Borç Stokunun Dağılımı: TL ve Döviz Cinsinden Borçlar
Türkiye'nin merkezi yönetim borç stoku, 31 Mart 2025 tarihi itibarıyla 10 trilyon 270,6 milyar Türk Lirasına yükseldi. Hazine ve Maliye Bakanlığı tarafından yayımlanan verilere göre, yılın ilk çeyreğinde borç yükünde belirgin bir artış gözlemlendi. Bu artış, hem iç hem de dış borçların toplamı üzerinden hesaplandı. Borç stokunun önemli bir bölümünün döviz cinsi borçlardan oluşması dikkat çekti. Türkiye'nin borçlanma yapısında son yıllarda artan kur riski ve ekonomik dalgalanmalar, döviz cinsinden borcun toplam içindeki payını daha görünür hale getirdi. Mart sonu itibarıyla açıklanan rakamlar, ekonomi yönetiminin borç yönetimi stratejilerinde yeni adımlar atmasını da gündeme getirdi.

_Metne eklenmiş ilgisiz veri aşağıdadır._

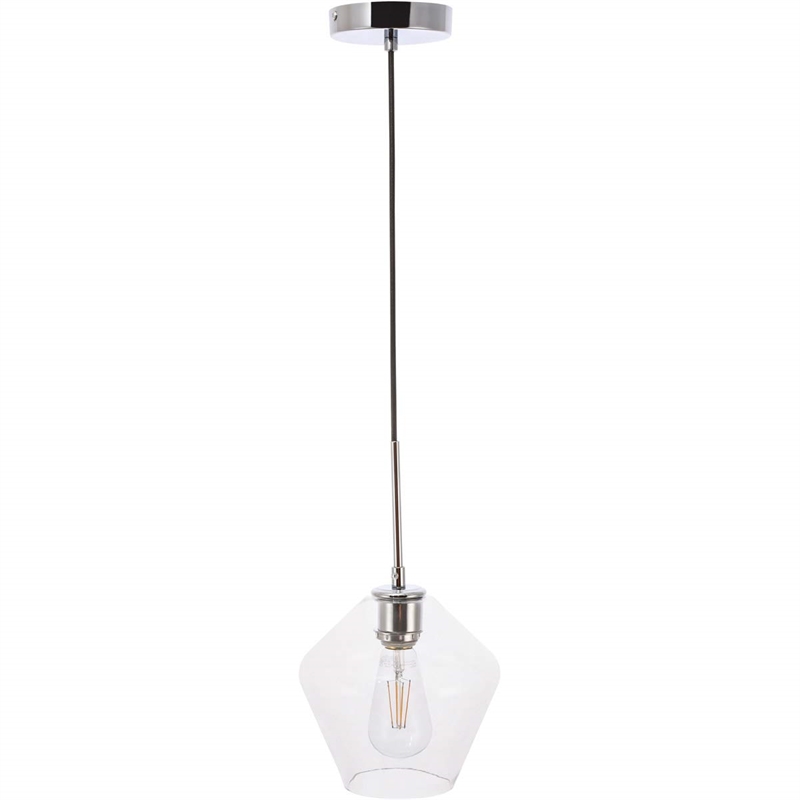 Living District Gene 1-Light Metal Pendant in Chrome and Clear Glass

31 Mart 2025 tarihi itibarıyla merkezi yönetim borç stokunun 4 trilyon 685,7 milyar TL tutarındaki kısmı Türk Lirası cinsinden borçlardan oluştu. Diğer yandan, 5 trilyon 584,9 milyar TL değerindeki bölüm ise döviz cinsi borçlardan meydana geldi. Döviz cinsinden borcun, toplam borç stokunun yarısından fazlasını oluşturması ekonomi çevrelerinde dikkatle takip ediliyor. Kur dalgalanmalarının mali dengeler üzerindeki etkisi, bu dağılımı daha da önemli hale getiriyor. Türk Lirası cinsinden borçların artışı, iç piyasada yürütülen borçlanma politikalarının bir sonucu olarak değerlendirilirken; döviz cinsi borçların yüksek seyretmesi, dış kaynak kullanımına olan bağımlılığın devam ettiğini gösteriyor. Hazine yönetiminin önümüzdeki dönemde döviz riskini azaltmaya yönelik adımlar atması, ekonomik istikrar açısından kritik bir öneme sahip olacak.

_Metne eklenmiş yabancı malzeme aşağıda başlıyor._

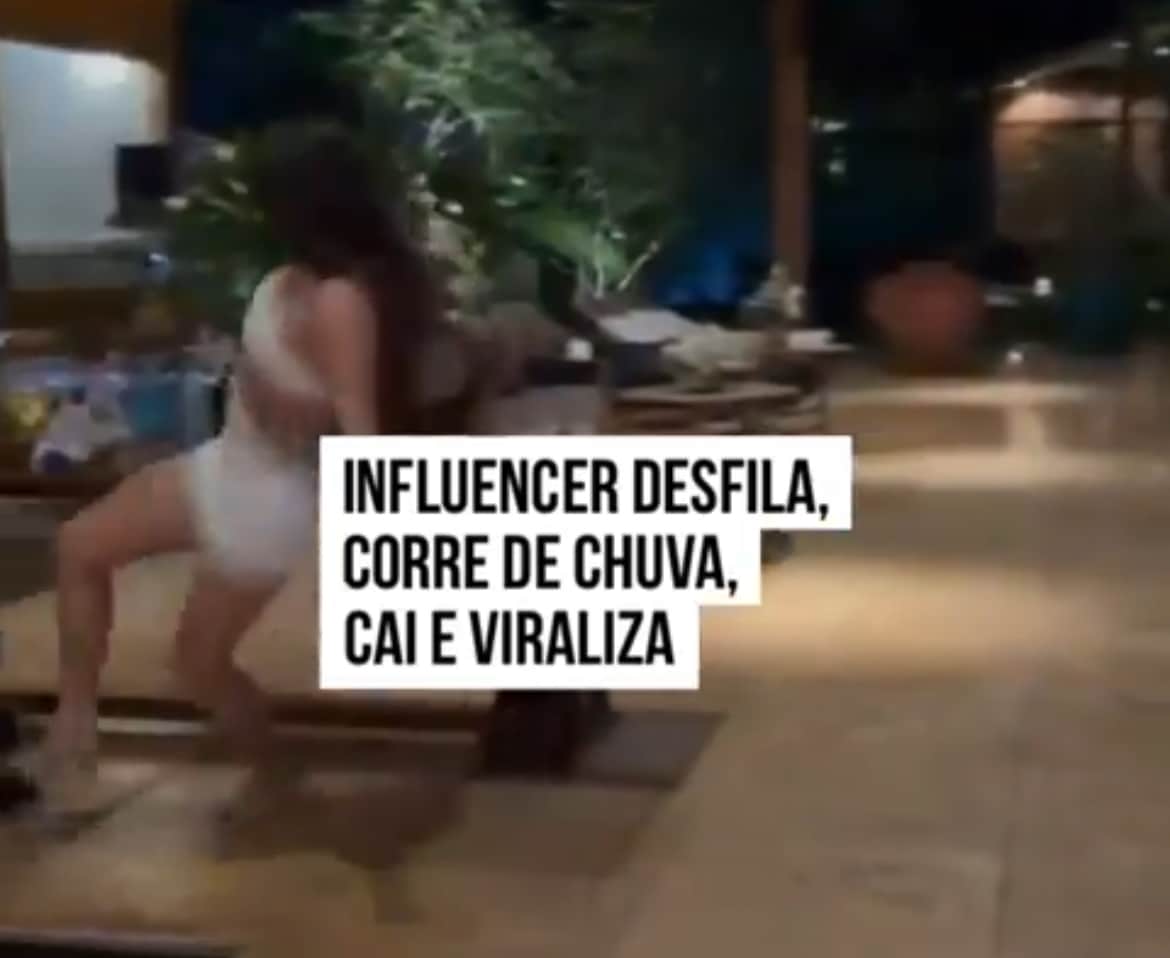 Viralizou: Influencer desfila, corre da chuva, escorrega e cai; VEJA VÍDEO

Hazine Alacak Stoku 29,8 Milyar TL Seviyesinde
Merkezi yönetimin yanı sıra Hazine alacak stoku da kamu maliyesinin önemli bir parçası olarak öne çıkıyor. 31 Mart 2025 tarihi itibarıyla Hazine alacak stoku 29,8 milyar TL seviyesinde gerçekleşti. Bu kalem, Hazine’nin çeşitli kurum ve kuruluşlardan olan alacaklarını ifade ediyor. Hazine alacaklarının büyüklüğü, kamu finansmanı açısından dolaylı bir gelir beklentisi anlamına geliyor. Ancak alacakların tahsilatı ve vade yapıları da ekonominin genel sağlığı üzerinde etkili olabiliyor. 2025 yılının ilk çeyreği itibarıyla açıklanan bu rakam, geçmiş dönemlere göre sınırlı bir değişim gösterdi. Hazine'nin alacak portföyü üzerinde yapılacak etkin yönetim, kamu borçlanma gereksiniminin azaltılmasına katkı sunabilir. Bu nedenle, önümüzdeki süreçte alacakların tahsilat oranları ve yönetim politikaları da yakından izlenecek konular arasında yer alacak.